I need to show that for a matrix $\mathcal{Q} \in \mathcal{R}^{n\times n}$ with $Q^TQ = I$ and $H \in \mathcal{R}^{n\times n}$ positive semidefinite, we have the relation $Trace(HQ) \leq Trace(H)$.
Considering the SVD decomposition of H : H = $U\Sigma V^*$
I start the proof with the following : Trace(HQ) = Trace($U\Sigma V^*Q$) = Trace$((V^*QU)\Sigma)$
I the define : $X = V^*QU$ orthogonal, it's column all have unit length. This implies that $X_{ii} \leq 1$, since otherwise the norm of column i would be too big.
Since $\sigma_{i} \geq 0\quad \forall i$, this argument shows that we can maximize tr(RC) by taking $X = I_{n\times n}$.

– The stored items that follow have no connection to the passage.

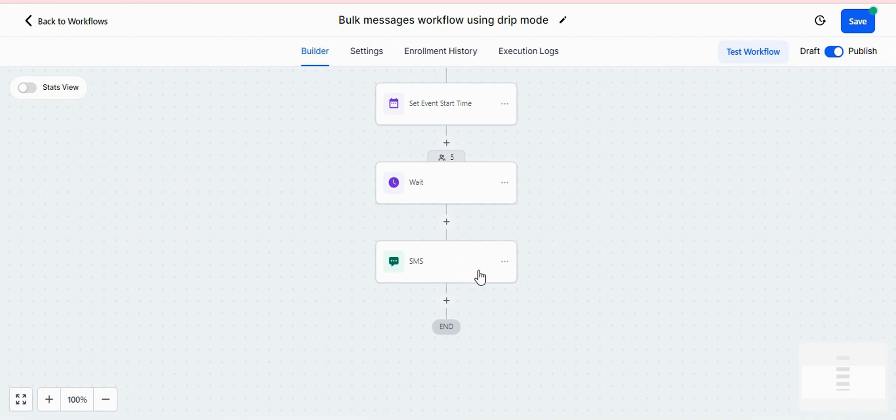If you have a workflow like this and you want to send messages, then the messages may not go because multiple contacts are waiting here and this is considered as a bulk attempt and we don't support bulk messaging.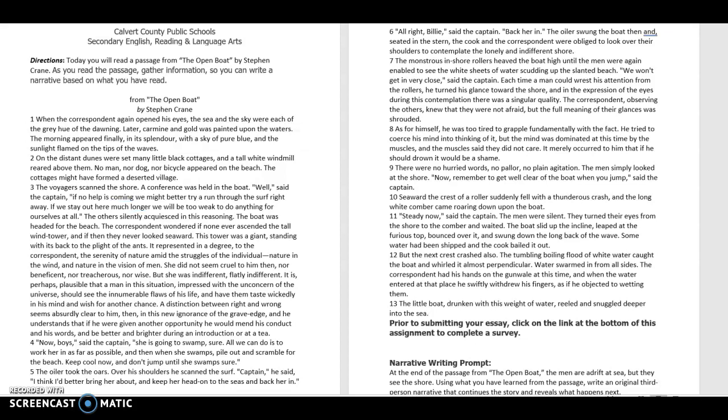This is a reading for the County Narrative Quarter 1. Directions. Today you will read a passage from The Open Boat by Stephen Crane. As you read the passage, gather information so you can write a narrative based on what you have read.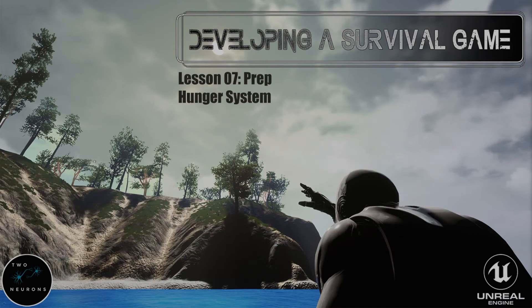Hi everyone, Zach here, and welcome to the prep video for Lesson 7. This video and this series have been brought to you by Patreon sponsors like Random Number Generator. Let's make a start.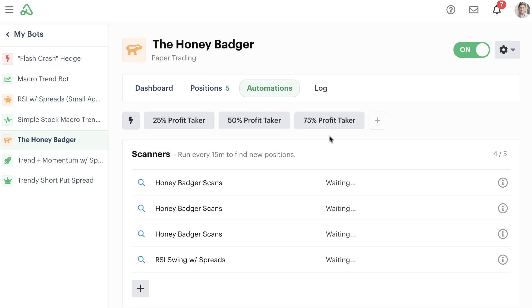As you can see, we now have our three buttons that we've created here and you can create as many buttons as you want for your bots to use. What's really cool about this again is that you can come in here at any point and just click these buttons and take profits off the table.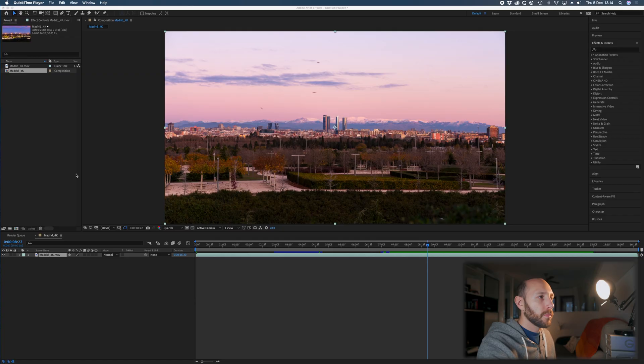Hey, what's up guys, welcome back to another video. Today I want to show you an easy and very quick way to remove an element on your timelapse. Birds are the worst in timelapse — black dots appearing and disappearing. So let's jump into After Effects and show you how to remove them.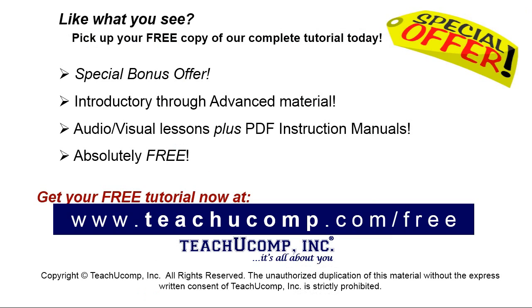Like what you see? Pick up your free copy of the complete tutorial at www.teachyoucomp.com forward slash free.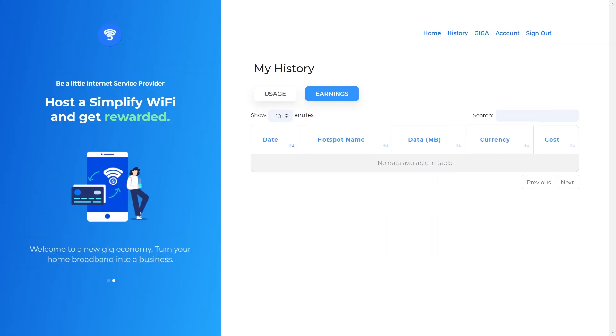After finishing all the steps, you can start earning extra income daily with Simplify Smarter Wi-Fi.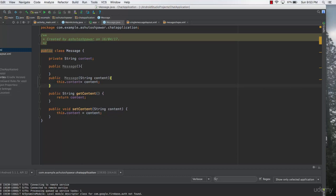As homework, try implementing the register activity and sign-in activity on your own. If it doesn't work, the next lectures will cover signing up users, logging in users, and finally adding the actual user data so that messages display with the real username. Thanks for watching and see you next time.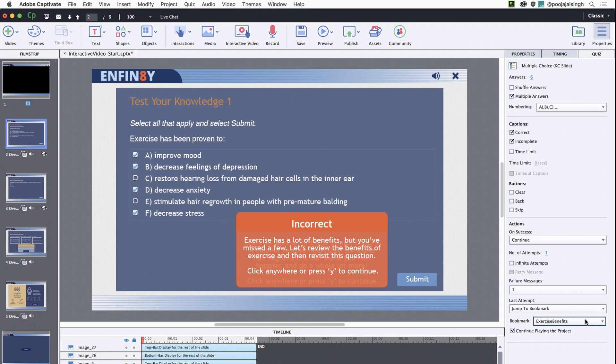The interactive video feature in Captivate 2019 is only compatible with HTML5 output, so make sure you select the HTML5 option when previewing or publishing the interactive video course.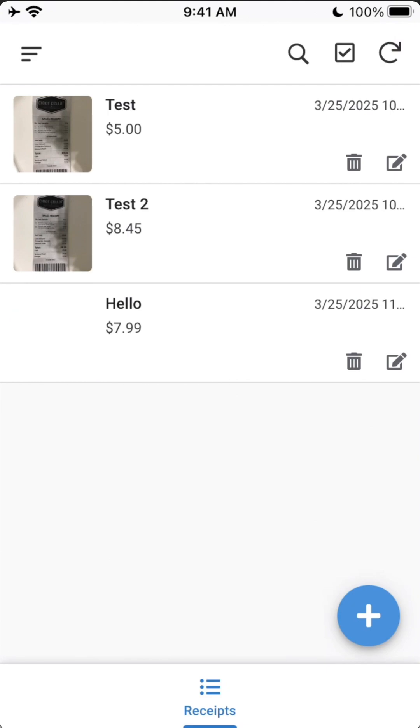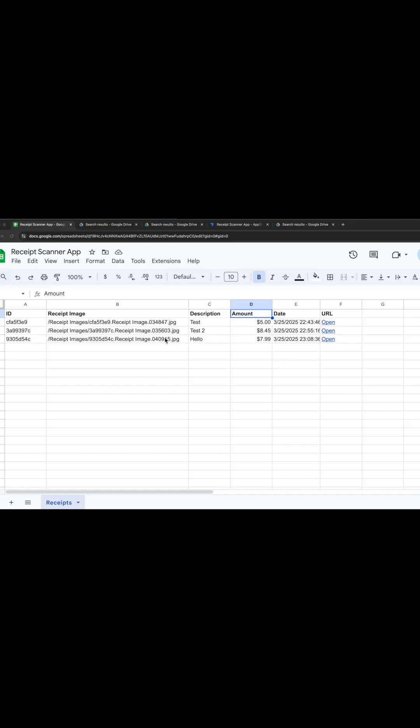You can see in our spreadsheet we got that new record right away. You can see it in the background. So here's that new line. You can see it automatically shows up.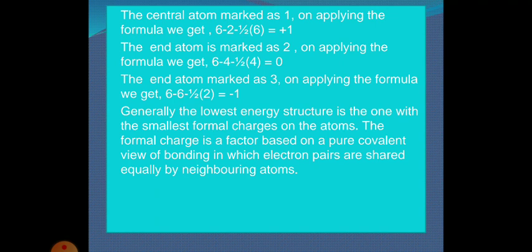Generally, the lowest energy structure is the one with the smallest formal charge on the atoms. Formal charge is a factor based on a pure covalent view of bonding, in which electron pairs are shared equally by neighboring atoms.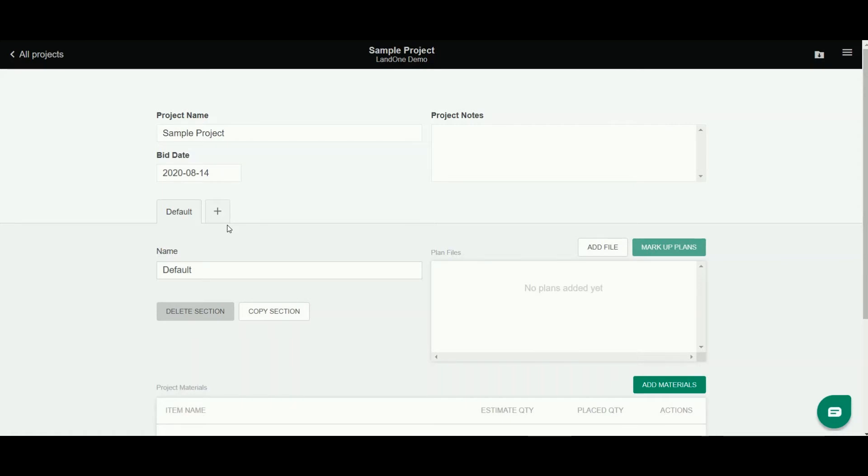A simple way you might do this is with landscape, irrigation, and hardscape. Those may be three tabs that I have for this section. I'm going to rename this first tab landscape.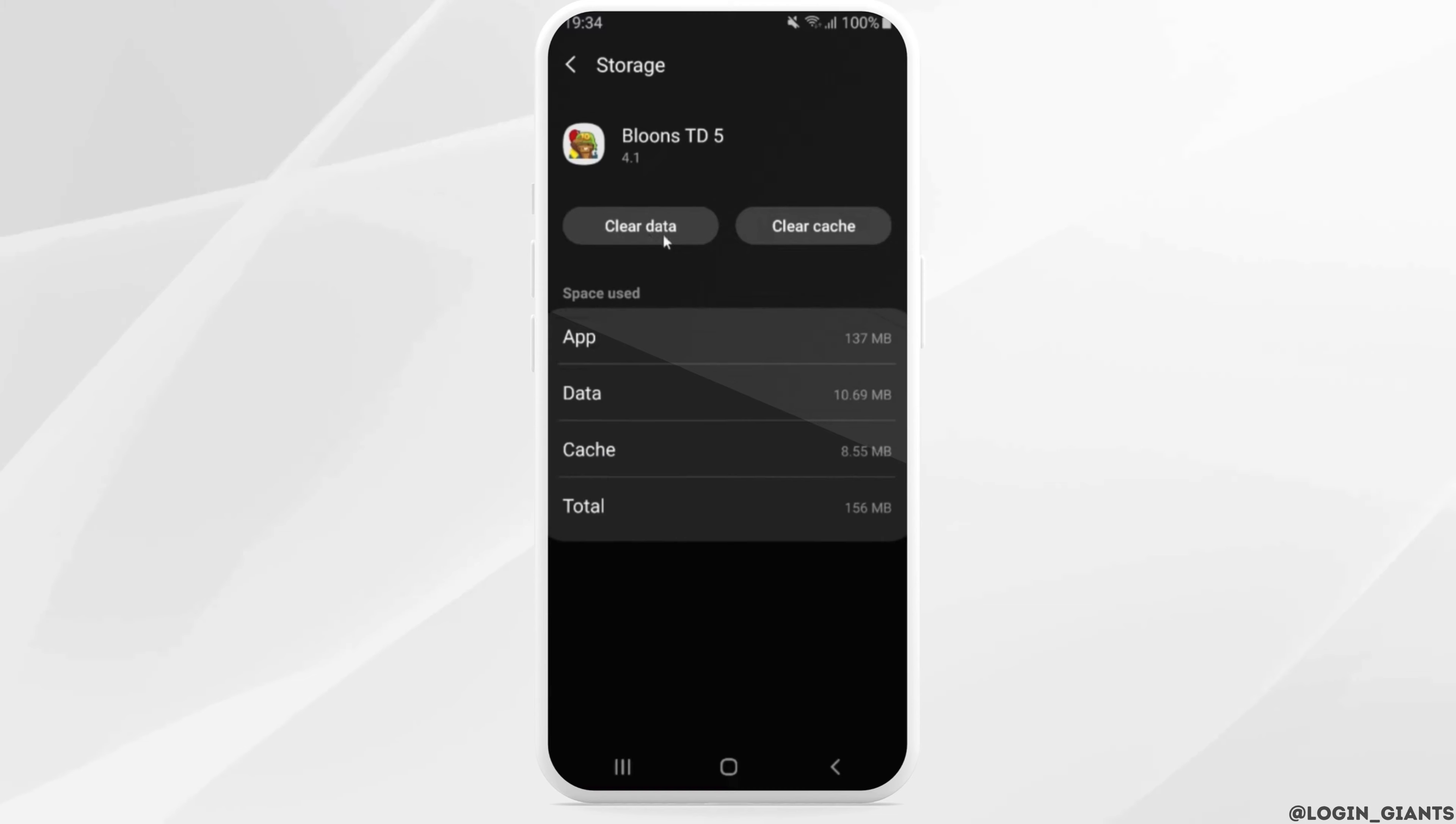Clearing the cache and data will remove all the unwanted bugs from the application, and it will make your application run smoothly.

Finally, i found that Trace(HQ) = Trace$((V^*QU)\Sigma)$ = Trace$(X\Sigma) \leq$ Trace($I\Sigma$) $\leq Trace(\Sigma)$
But i don't know how to make the last step to prove the relation.
Thanks,
$H$ is real symmetric. You may use orthogonal diagonalisation instead of SVD.